# Willis Tower to be renamed Blackstone Tower?



## Hudson11 (Jun 23, 2011)

Full Height of Willis Tower by Jeff Goldberg, on Flickr


----------



## CF221 (Mar 17, 2009)

It will always be Sears Tower to me.


----------



## ThatOneGuy (Jan 13, 2012)

Whats going on near the top?
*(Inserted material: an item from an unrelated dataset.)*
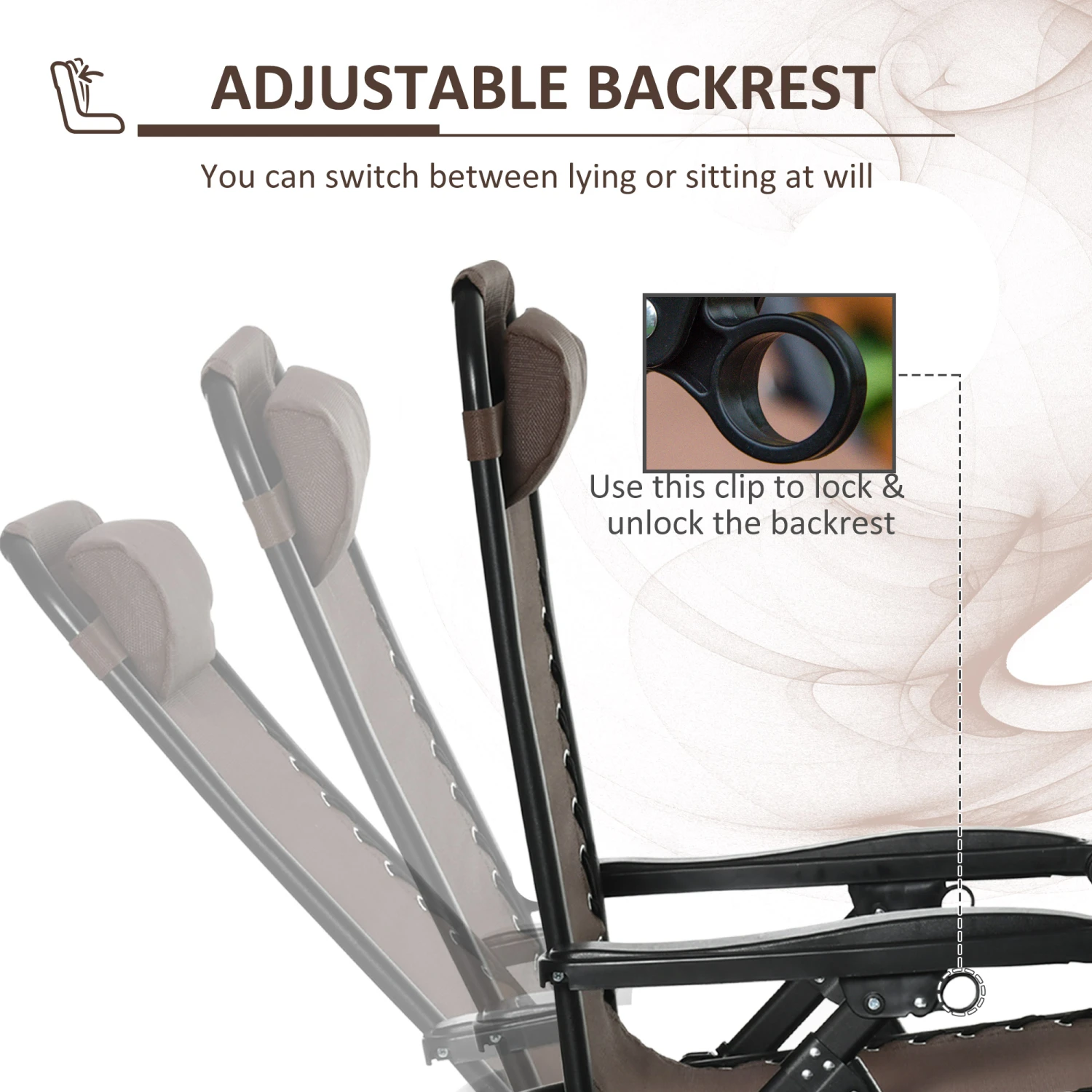 Outsunny Outdoor Rocking Chairs, Foldable Reclining Zero Gravity Lounge Rocker W/ Pillow, Cup & Phone Holder, Combo Design W/ Folding Legs, Brown 7 Outsunny Outdoor Rocking Chairs, Foldable Reclining Zero Gravity Lounge Rocker W/ Pillow, Cup & Phone Holder, Combo Design W/ Folding Legs, Brown - Image 7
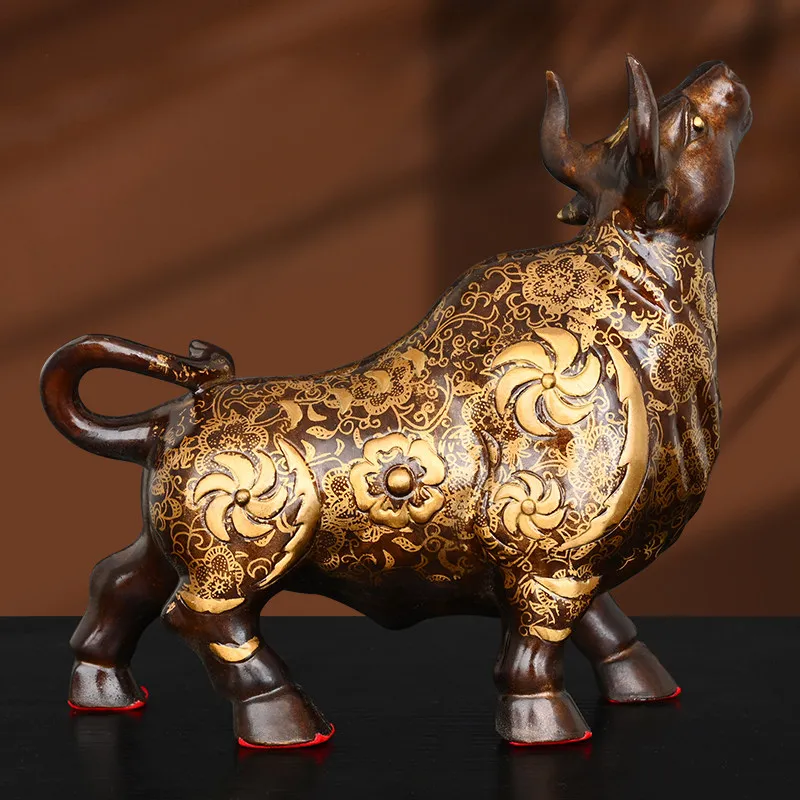 Pure Yellow Topnew Decoration Stock Wangshi Jinniu Chinese Zodiac Cow Large Home Living Room Office Decorations Gift Decoration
It looks messy.


----------



## ChuckScraperMiami#1 (Aug 15, 2004)

^^The " Blackstone Sears Tower " :nuts::lol:it is kind of a Black color tower made of some sort of dark stonewall color, am I righthno:, it's always to me a dark color Tower everywhere from when you see it, like I did back in 2004 visiting the tower , went up and it was all cloudy and could only see the tops of the other tall towers back then, Cool !! , 
and I Heard and still Sears is Really Owned by Kmart :lol:?? which I Believe is still True, Please correct me on this one, But Kmart did buy Sears a while back, anyone knew about this , Please tell me and Thanks !!
also a Special Thanks to Uaarkson , for posting here Our SSC Friendly Family Forums Friend !!:cheers:




Uaarkson said:


> How about the ******* Sears Tower?


Rest In Peace Stephen " Steve " McFarland , 1955 - 2015, 
We Will Never Forget the Great SSC QuantumX !
Let's GO U of Miami Cranes in 2015 and Beyond Infinity !!


----------



## Hobby Authority (Feb 27, 2015)

Surrealplaces said:


> I never really liked the name 'Willis Tower', and I still call it the Sears Tower....old habits die hard I guess.
> 
> Blackstone isn't bad.


Same here & I am young.


----------